Itinerario dal Parco della Repubblica a San Michele e ai Sassi Neri

Parcheggiata l’auto nel piazzale antistante il Municipio di Sirolo, attraversate Via Giulietti e entrate nel bellissimo Parco della Repubblica e dirigetevi verso le transenne in legno situate in fondo al parco dove parte il sentiero n.4.

Vi è una grande sterrata immersa nel verde, lungo la quale sono state installate panche e aree di sosta. Percorrendola, si notano piccoli sentieri che accorciano il tragitto, ma chi non ha fretta può proseguire lungo il percorso ufficiale.

Ad un certo punto la sterrata gira a sinistra, diventa più stretta e si inoltra in mezzo a delle strutture balneari. Proseguendo, dopo pochi secondi, sarete nella spiaggia di San Michele. Chi vuole può fare una sosta alla spiaggia Urbani dove ci sono ottimi ristoranti ed attrezzati stabilimenti balneari: per raggiungerla girate a destra (sempre che il mare sia calmo) in direzione della Punta Ferri o Punta di Giacchetta, che prende il nome dall’omonimo scoglio oltre la scogliera frangiflutti.

Si arriva così alla spiaggia Urbani, dove, grandiosa appare la cavità conosciuta come Grotta Urbani, scavata naturalmente nella marna. Dagli scogli potrete osservare i Lavi, particolare conformazione rocciosa composta da lunghe placche lisce che scendono dolcemente verso il mare.

Guardando in alto si vede Vetta Marina, sperone a picco sul mare, sulla cui sommità sorgeva un convento di Frati minori del XIII secolo.

Se credete, potete ritornare percorrendo il cammino dell’andata, cioè dalla spiaggia di San Michele, mentre proseguendo arriverete a quella dei Sassi Neri. Il nome della spiaggia sembra derivare dal fatto che molti anni or sono lungo la costa di sera ormeggiavano dei grandi barconi carichi di pietre.
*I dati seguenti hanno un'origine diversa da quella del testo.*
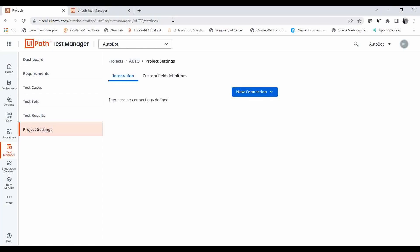That's all about the UiPath Test Manager. We have learned how you can connect the Test Manager instance to UiPath Studio. That's all for today — we will be covering other topics in the coming videos, so please subscribe and wait for the next videos. Bye!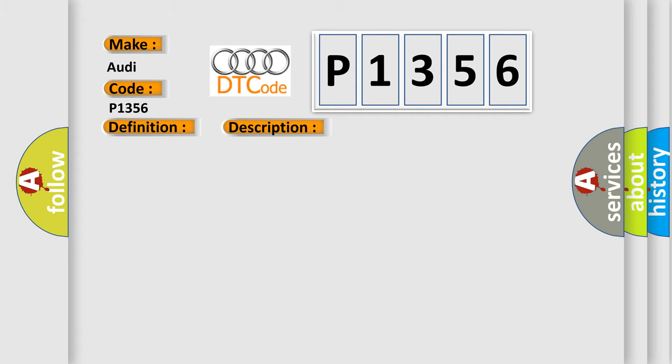This diagnostic error occurs most often in these cases: Fuel pump relay faulty, camshaft position sensor has failed, engine speed sensor has failed, circuit wires have shorted to ground or are open, ignition coils with power output stages are faulty, ECM has failed.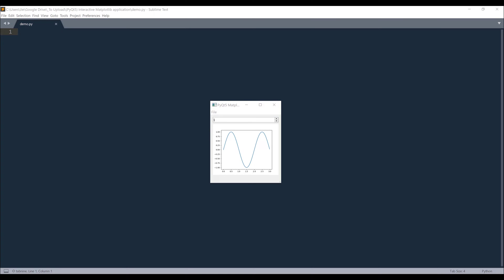Hey, how's it guys? In today's video, we're going to learn how to create an interactive matplotlib using PyQt5 framework.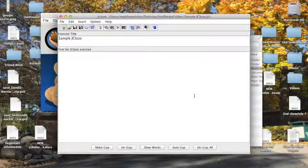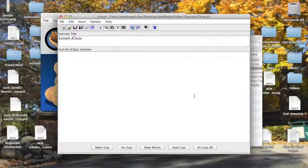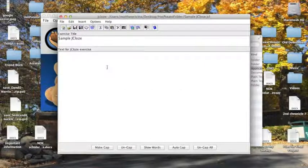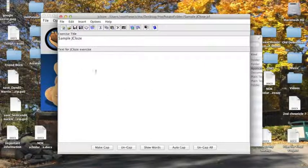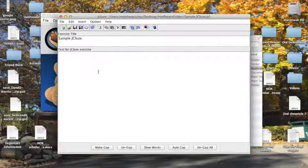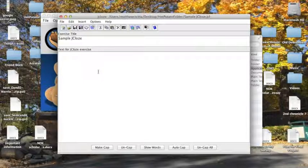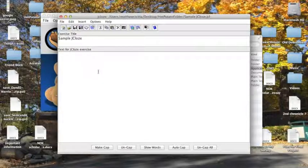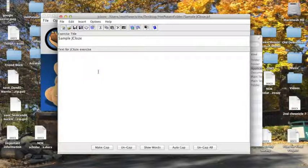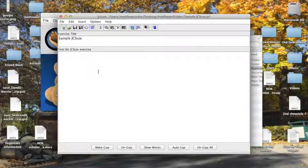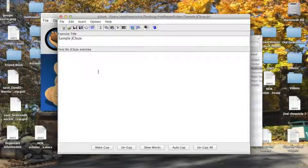Now JClose is a blank filling exercise. You type in the sentences here, create gaps where you want blanks to be in place of your text, and students will have to use whatever context clues or hints you provide to figure out what is missing. So let's do a small sample to get used to the program.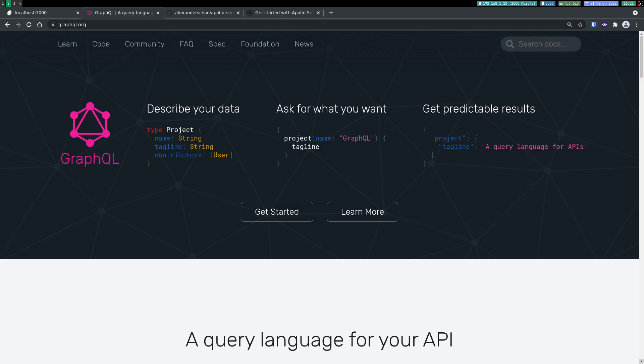Hi guys, welcome back to WebData. So in the previous videos we saw how to fetch data from a GraphQL endpoint. In this one we'll see how to create our own GraphQL endpoint.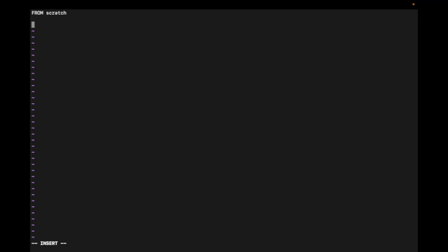Then I'll simply run one command here: run ls slash, to test what folders and files are in the root directory.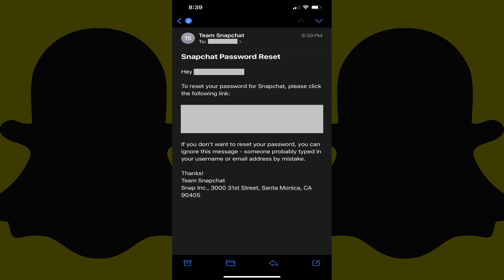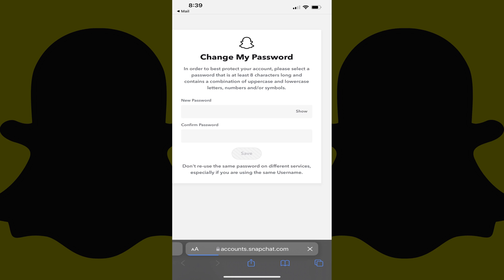Step 6: Open the email account associated with your Snapchat account, and then find the email from Team Snapchat with a subject line that reads Snapchat Password Reset. Step 7: Click the link inside of that email. You'll be routed to the Snapchat Change My Password screen, where you'll see the Snapchat password requirements: your password must be at least 8 characters long and include at least one uppercase letter and one lowercase letter.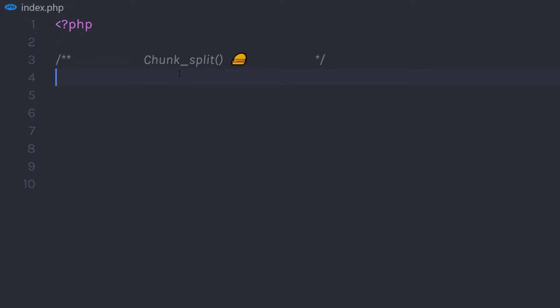In this tutorial, we will understand what is chunk_split in PHP. chunk_split is a function that splits a string into a series of smaller parts — it splits a string into smaller chunks. You will completely understand how to use this function when I explain the example. So first, let's understand the syntax of this function.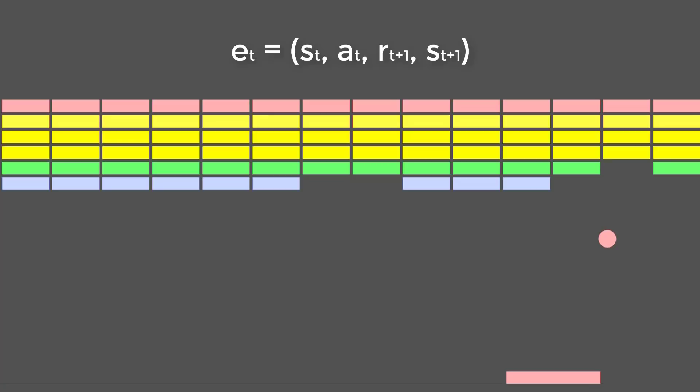We then store the entire experience tuple, including the state, the action, the reward, and the next state, in replay memory.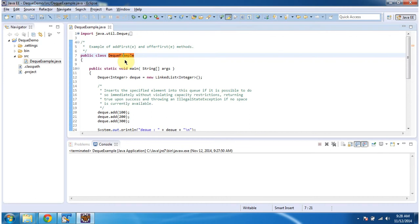Hi, in this video tutorial I will cover how to add an element to the dequeue. To explain this, I have created a sample program. First I will run this program, then I will explain.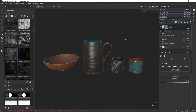Here we are in Substance 3D Painter and we are ready to move on into 3D Stager to create a nice render and composition for our objects. Before I move into that rendering stage, I just want to show you that you can actually render from within Substance 3D Painter. All you have to do is click on this icon and you'll be able to do an iray render. Let's just do that very quickly.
La sosta serale era legata alla lavorazione della calce, che avveniva sulla spiaggia; al mattino seguente  sull'arenile rimanevano i resti della combustione dei fuochi accesi per produrre la calce. Da quei neri carboni e dalle pietre scurite la spiaggia sembra prese il nome di Sassi Neri.
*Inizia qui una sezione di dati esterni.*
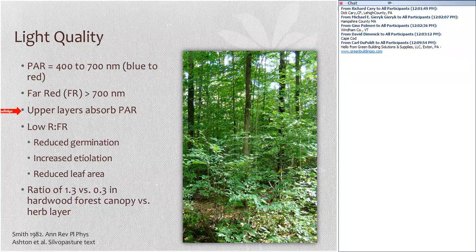To put this into real numbers: in the canopy the red-to-far-red ratio is on the order of 1.3, and as we move into the herbaceous layer the ratio drops to about 0.3 — a fairly significant change. So there's both a reduction in the quantity of light and the quality of light, meaning less photosynthetically active light is available.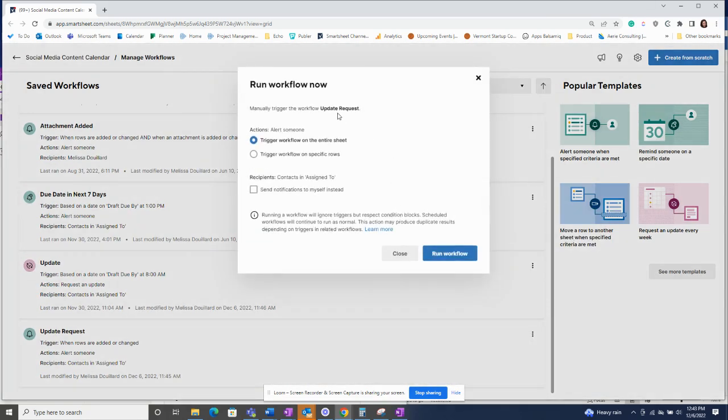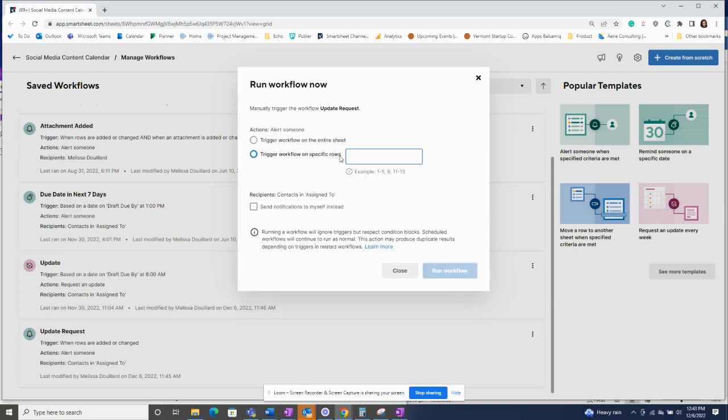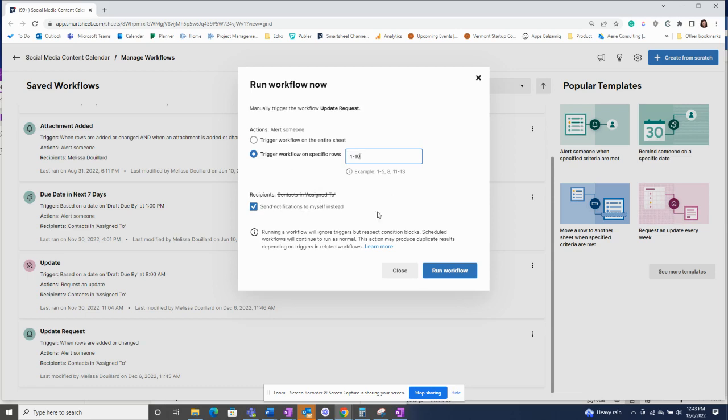I can choose whether I want to trigger the workflow on the entire sheet or just specific rows, so I could choose one row or I could say row one through ten. Then I can choose if I want it to go to the contacts in the assigned to column like it's set up, or to send the notifications to myself. So I'm going to send it to myself since I'm testing it, and then just click run workflow.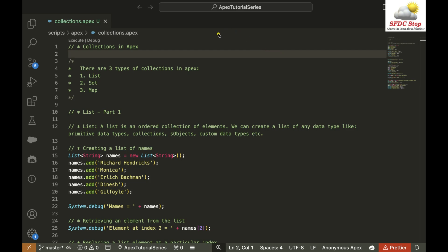Hi everyone. In this video, we are going to talk about collections in Apex. There are mainly three types of collections in Apex. The first one is list, second one is set, and third one is map. In this video, we are going to focus on list.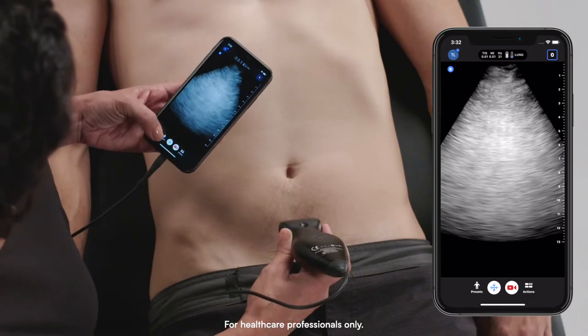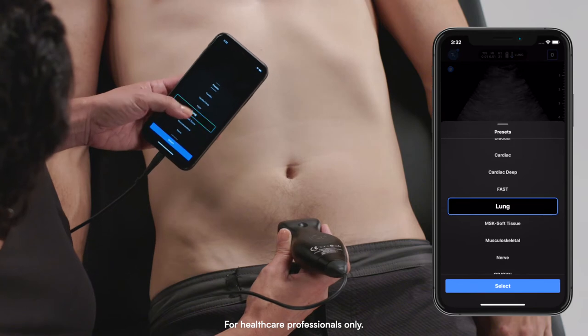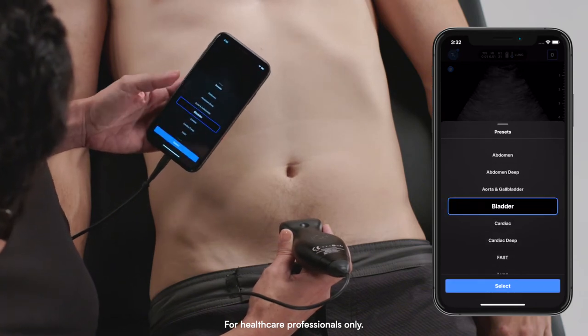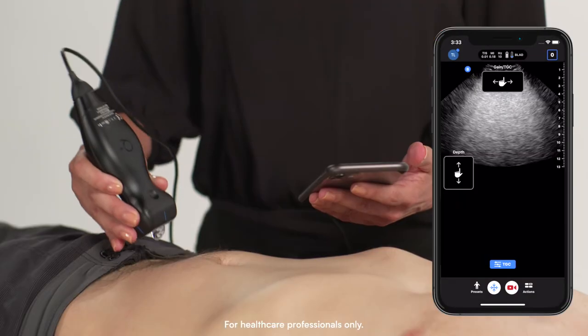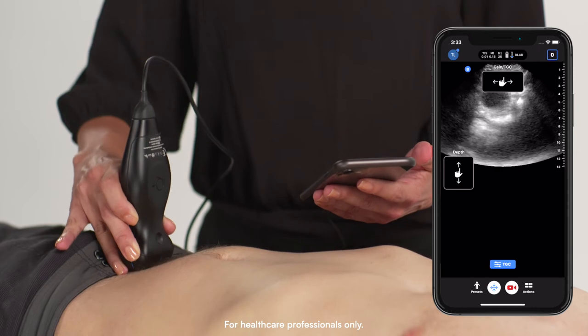To begin, I'll select the Bladder Preset, and I'm going to place my probe right above my model's pubic symphysis.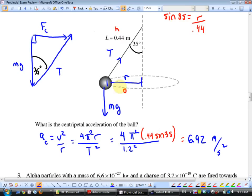Twists on this question: they might ask for centripetal force, in which case you use mass times acceleration. Or they might ask for tension, which you'd find using trig from the free body diagram triangle.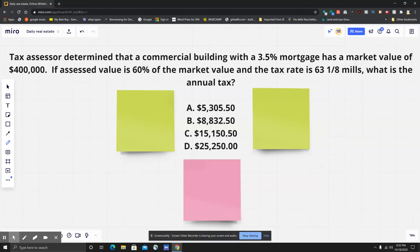Hello everybody, this is your daily real estate practice exam question. I got one that was requested from the Facebook group — they said they saw this on the test and asked if I could explain it. It's a little bit of math, so let's take a look at this question.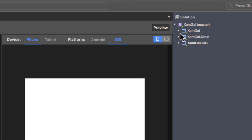Once your solution is created, you have three projects: your Xamarin.Forms project, the Android project, and the iOS project.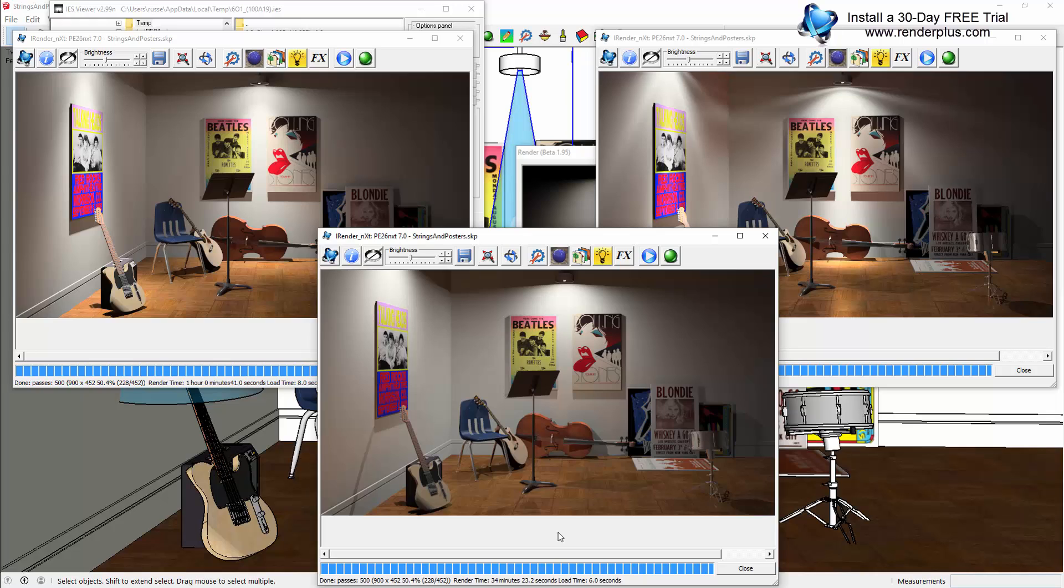That's a quick introduction to IES lighting profiles. I'm Russell Holden with RenderPlus Software. Come look for another video and some helpful tips on iRenderNext real soon. Thanks.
Proseguendo – facendo molta attenzione a dove mettere i piedi e alle probabili frane che potrebbero cadere - dopo aver superato un tratto di costa, dove un tempo erano insediate delle fornaci per la calce, nel punto in cui si trova un piccolo gruppo di scogli affioranti, comunemente chiamati per la loro forma particolare, gli Orsetti, in circa 15 minuti arriverete in un’ ampia zona situata tra il monte e il mare, dove vedrete le vestigia di vecchie costruzioni e del “Moletto” o “Pontile”: un vecchio punto di attracco di barconi dei cavatori.
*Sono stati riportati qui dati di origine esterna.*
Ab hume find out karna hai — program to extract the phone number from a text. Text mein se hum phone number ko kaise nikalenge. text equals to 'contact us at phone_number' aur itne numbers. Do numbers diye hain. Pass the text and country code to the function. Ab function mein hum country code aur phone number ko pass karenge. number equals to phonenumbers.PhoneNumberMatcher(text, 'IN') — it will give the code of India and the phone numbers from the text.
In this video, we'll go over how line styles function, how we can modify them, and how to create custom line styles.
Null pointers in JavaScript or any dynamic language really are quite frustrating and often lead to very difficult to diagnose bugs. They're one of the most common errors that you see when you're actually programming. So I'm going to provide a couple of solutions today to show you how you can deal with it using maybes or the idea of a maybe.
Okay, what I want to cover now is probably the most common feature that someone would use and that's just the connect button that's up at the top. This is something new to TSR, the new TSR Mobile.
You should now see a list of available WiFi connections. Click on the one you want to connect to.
Proseguire oltre è molto pericoloso, perciò dopo la sosta tornate indietro fino ai Sassi Neri. Una volta superata la spiaggia, si arriva all’inizio di quella di S. Michele, dove, sulla rupe c’è un sentiero che porta a due ristoranti estivi. Imboccato il sentiero, dopo pochi minuti, oltrepassate una sbarra e dirigetevi in direzione della sterrata. Dopo 15 minuti di cammino vedrete un’altra deviazione, voltate a sinistra e proseguite fino a superare una vecchia casa colonica. In questo punto girate a destra e, dopo avere oltrepassato un cancello con chiusura ad orario (solo per le auto), arriverete nella strada che porta al cimitero di Sirolo, il sentiero n.2; mentre girando a sinistra invece, arriverete al punto iniziale della vostra passeggiata; cioè al parcheggio di Sirolo.

 

Il tempo di percorrenza per il giro completo : 120 minuti.

Partenza : Parco della Repubblica di Sirolo

Ritorno : ad anello e ritorno al parcheggio

Difficoltà : sono necessari abbigliamento idoneo e calzature adeguate.

Possibili problemi : fare attenzione ai probabili nuovi divieti di transito lungo la costa, oltre i Sassi Neri.